Extracted records:

_ _ _ _ _ _ _

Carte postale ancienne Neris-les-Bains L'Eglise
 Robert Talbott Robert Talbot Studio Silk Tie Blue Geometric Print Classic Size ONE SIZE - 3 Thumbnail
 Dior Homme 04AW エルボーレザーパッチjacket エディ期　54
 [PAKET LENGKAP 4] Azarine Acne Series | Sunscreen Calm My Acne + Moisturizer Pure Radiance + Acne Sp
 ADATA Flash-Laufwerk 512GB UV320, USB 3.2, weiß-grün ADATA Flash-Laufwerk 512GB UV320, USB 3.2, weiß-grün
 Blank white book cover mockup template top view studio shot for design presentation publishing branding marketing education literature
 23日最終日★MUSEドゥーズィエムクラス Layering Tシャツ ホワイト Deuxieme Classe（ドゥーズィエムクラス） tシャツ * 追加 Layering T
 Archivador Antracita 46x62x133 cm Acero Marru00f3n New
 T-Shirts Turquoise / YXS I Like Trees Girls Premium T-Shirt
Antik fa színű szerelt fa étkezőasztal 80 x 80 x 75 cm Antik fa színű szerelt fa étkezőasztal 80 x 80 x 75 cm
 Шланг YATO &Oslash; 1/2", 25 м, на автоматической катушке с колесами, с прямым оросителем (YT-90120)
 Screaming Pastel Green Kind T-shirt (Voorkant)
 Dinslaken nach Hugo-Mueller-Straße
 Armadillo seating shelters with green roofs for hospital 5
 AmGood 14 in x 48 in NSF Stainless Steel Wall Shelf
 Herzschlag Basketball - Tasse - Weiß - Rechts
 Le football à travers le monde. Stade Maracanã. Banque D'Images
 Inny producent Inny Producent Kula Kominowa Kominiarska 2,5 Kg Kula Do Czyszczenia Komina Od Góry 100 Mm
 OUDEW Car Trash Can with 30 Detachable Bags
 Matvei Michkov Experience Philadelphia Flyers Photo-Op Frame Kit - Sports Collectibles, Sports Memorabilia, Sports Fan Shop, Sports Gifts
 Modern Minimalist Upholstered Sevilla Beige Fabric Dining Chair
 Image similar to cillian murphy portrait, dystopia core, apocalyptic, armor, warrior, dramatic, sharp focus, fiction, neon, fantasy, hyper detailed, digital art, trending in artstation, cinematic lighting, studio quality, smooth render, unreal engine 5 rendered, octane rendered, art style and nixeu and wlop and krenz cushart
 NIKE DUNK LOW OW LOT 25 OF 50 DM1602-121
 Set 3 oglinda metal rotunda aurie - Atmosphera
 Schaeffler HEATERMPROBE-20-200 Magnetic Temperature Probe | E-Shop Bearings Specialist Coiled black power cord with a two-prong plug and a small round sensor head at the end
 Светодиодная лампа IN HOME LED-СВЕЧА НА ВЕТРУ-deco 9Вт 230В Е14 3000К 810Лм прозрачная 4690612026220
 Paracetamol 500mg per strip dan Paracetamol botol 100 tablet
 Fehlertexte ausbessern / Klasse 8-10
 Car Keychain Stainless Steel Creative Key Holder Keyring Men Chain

_ _ _ _ _ _ _

### EXERCISE OBJECTIVE
Each line of the data that includes "Stainless" should be copied.

### YOUR SOLUTION
 AmGood 14 in x 48 in NSF Stainless Steel Wall Shelf
 Car Keychain Stainless Steel Creative Key Holder Keyring Men Chain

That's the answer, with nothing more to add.